START Raw data

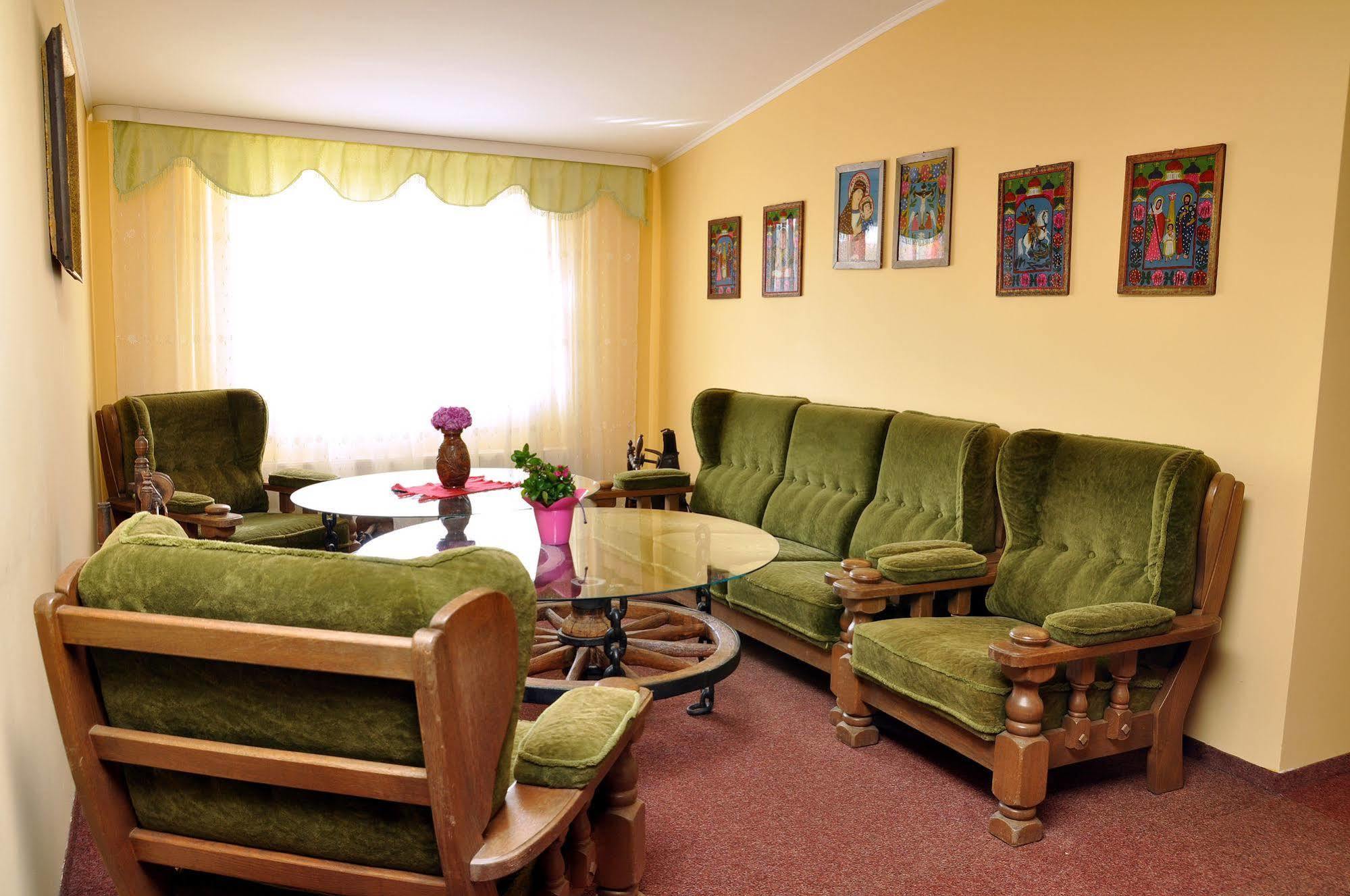 Hotel Cardinal Satu Mare Exterior photo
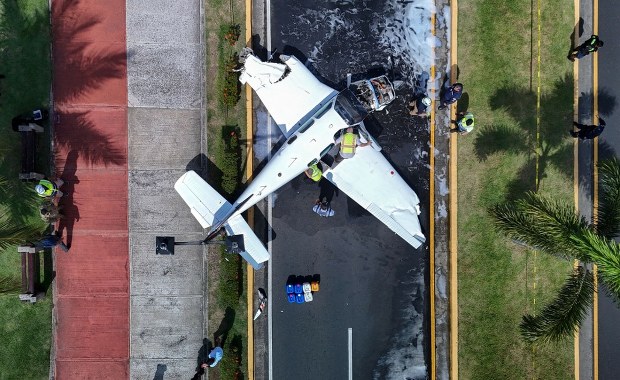 Awaryjne lądowanie. Samolot rozbił się na drodze  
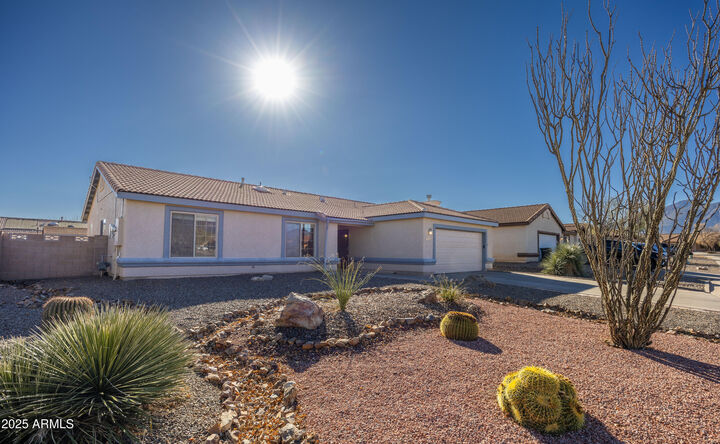Property Photo: 3859 Barahona Drive AZ 85650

END Raw data

What you write should match, word for word, the lines from the one containing "Awaryjne lądowanie. Samolot" to the end of the listing, with both ends kept and the pictures left out.

[Finished exercise]
 Awaryjne lądowanie. Samolot rozbił się na drodze  
Property Photo: 3859 Barahona Drive AZ 85650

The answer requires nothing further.